GIVEN DATA ->
********
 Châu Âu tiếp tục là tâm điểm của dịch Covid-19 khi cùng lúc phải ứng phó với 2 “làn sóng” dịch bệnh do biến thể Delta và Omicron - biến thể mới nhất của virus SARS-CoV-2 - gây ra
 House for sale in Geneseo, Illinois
********
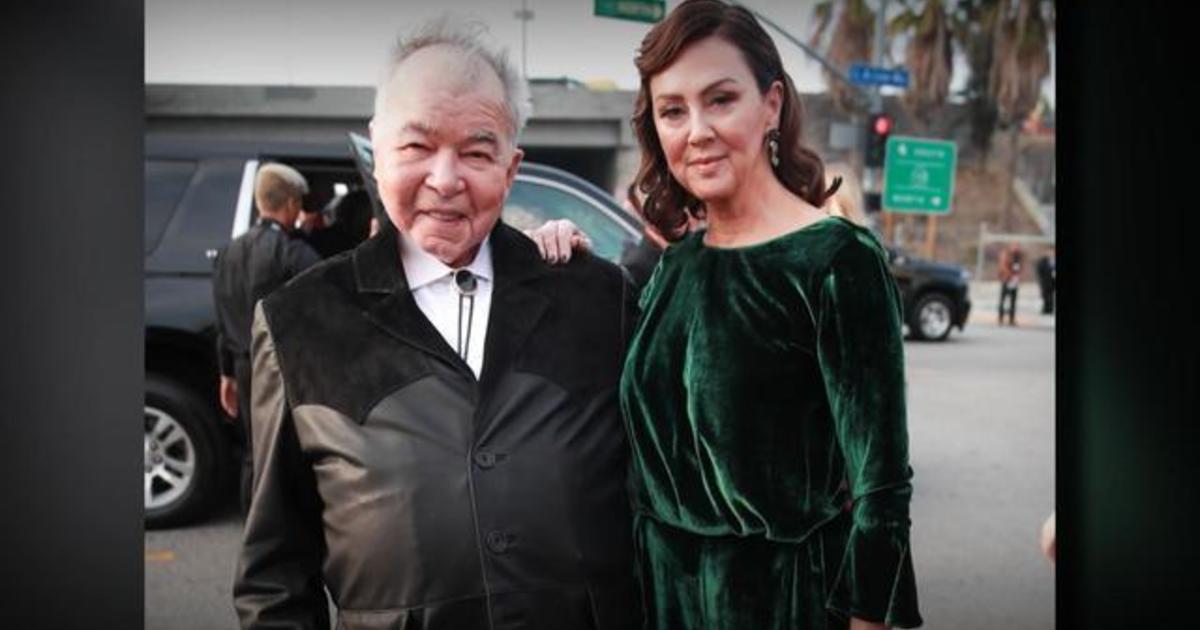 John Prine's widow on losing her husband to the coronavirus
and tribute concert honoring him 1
********
THE TASK ->
Using the data above, reproduce exactly the lines from the line that contains "Châu Âu tiếp" through the line that contains "House for sale in Geneseo, Illinois", including both.

WRITTEN ANSWER ->
 Châu Âu tiếp tục là tâm điểm của dịch Covid-19 khi cùng lúc phải ứng phó với 2 “làn sóng” dịch bệnh do biến thể Delta và Omicron - biến thể mới nhất của virus SARS-CoV-2 - gây ra
 House for sale in Geneseo, Illinois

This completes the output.